Turkish-Cypriot leader Mustafa Akinci joined the chorus of Turkish officials claiming parts of the island’s Exclusive Economic Zone (EEZ) waters, warning the legitimate government not to keep going ahead with letting foreign companies drill for oil and gas.
“We have told the Greek-Cyprus administration ‘Let’s establish a joint commission for cooperation.’ But, unfortunately, they did not approach establishing a committee or planning this issue together and have continued their unilateral action. We have told them, ‘If this … is done this way, you leave no choice to Turkish-Cyprus and Turkey to act in the same way,’” Akıncı said from Kyrenia in the northern third on June 11, said the Turkish Hurriyet Daily News.

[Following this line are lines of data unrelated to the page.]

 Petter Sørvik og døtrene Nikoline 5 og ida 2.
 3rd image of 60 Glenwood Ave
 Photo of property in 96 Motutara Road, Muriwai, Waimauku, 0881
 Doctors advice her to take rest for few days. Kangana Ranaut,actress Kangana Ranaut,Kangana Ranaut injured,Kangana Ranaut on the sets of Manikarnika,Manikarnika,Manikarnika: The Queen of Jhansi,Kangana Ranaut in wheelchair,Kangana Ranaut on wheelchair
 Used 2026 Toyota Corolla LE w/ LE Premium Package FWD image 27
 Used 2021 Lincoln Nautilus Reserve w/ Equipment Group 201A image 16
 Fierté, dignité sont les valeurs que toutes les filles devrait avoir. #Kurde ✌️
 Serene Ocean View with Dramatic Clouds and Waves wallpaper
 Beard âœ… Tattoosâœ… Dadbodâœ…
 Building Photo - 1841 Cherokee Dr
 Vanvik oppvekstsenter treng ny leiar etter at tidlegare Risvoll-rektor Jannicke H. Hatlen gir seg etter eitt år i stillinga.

Tension over the drilling rights and the EEZ’s sovereignty has raised fears of conflict, accidental or deliberate, with the European Union to which Cyprus belongs – apart from the territory – and the United States backing the government of Nicos Anastasiades, who said he was willing to share energy revenues.
That wasn’t enough for Akinci or Turkish President Recep Tayyip Erdogan who said they want Turkish-Cypriots to share in the licensing. Erdogan sent an energy research vessel into part of Cyprus’ EEZ, with a warship nearby and said another drillship is coming.
Akinci said it was the Greek-Cypriot side that needs to show restraint and not let the foreign companies, including the US energy giant ExxonMobil, to keep drilling although it’s reported a major gas find already.
“We have told them [the Greek Cyprus administration], ‘If you are doing (a gas) search, we’ll similarly do so, and we are. We have told them, ‘If you come to the drilling stage, we will also come to that stage, and we will also drill,’ and now we are that point,” he said.
“The richness in the Eastern Mediterranean belong to all of us, and this is accepted. But when the issue comes to drilling, we come across with a Greek side that says, ‘Here is our area of sovereignty,” Akıncı said.
He didn’t mention that Turkey doesn’t recognize parts of Cyprus’ established continental shelf nor the United Nations Laws of the Sea that Erdogan otherwise cites in making claims of seas sovereignty.
Akıncı’s comments followed reports that Cyprus has issued an international arrest warrant for 25 people including the personnel of the Turkish drillship, Fatih, and officials from companies cooperating with the state-run Turkish Petroleum Corporation (TPAO).
Fatih launched its offshore drilling operations on May 3 in an area located 75 kilometers (around 41 nautical miles) off the western coast of the island.
“The Eastern Mediterranean can come to be a lake of peace, a peace basin. Everyone would benefit from this. We do not want a politics of tension, a politics of conflict. We want peace and reconciliation, but I am saying all these with the determination of protecting our rights,” Akıncı said.
Turkish Energy and Natural Resources Minister Fatih Dönmez said on June 11 that the drilling activities in the Eastern Mediterranean Sea region will continue and that his country won’t allow any violations of what he said were Turkish areas.
“We will continue our efforts to achieve regional peace by distributing the riches of Cyprus Island and the Mediterranean in a fair manner,” Dönmez said, the news site added. “Our extensive and long-term exploration and drilling activities in the region will resume as planned without making concessions to our legitimate rights on license areas,” he said.
“Our activities in licensed and legal areas will continue without any delay despite the statements of the Greek Cypriots and the threats of so-called arrest warrants for our drilling ship Fatih’s crew,” he said.
He added in a warning that, “Turkey never surrenders to any threats, and it never will,” ramping up the tension.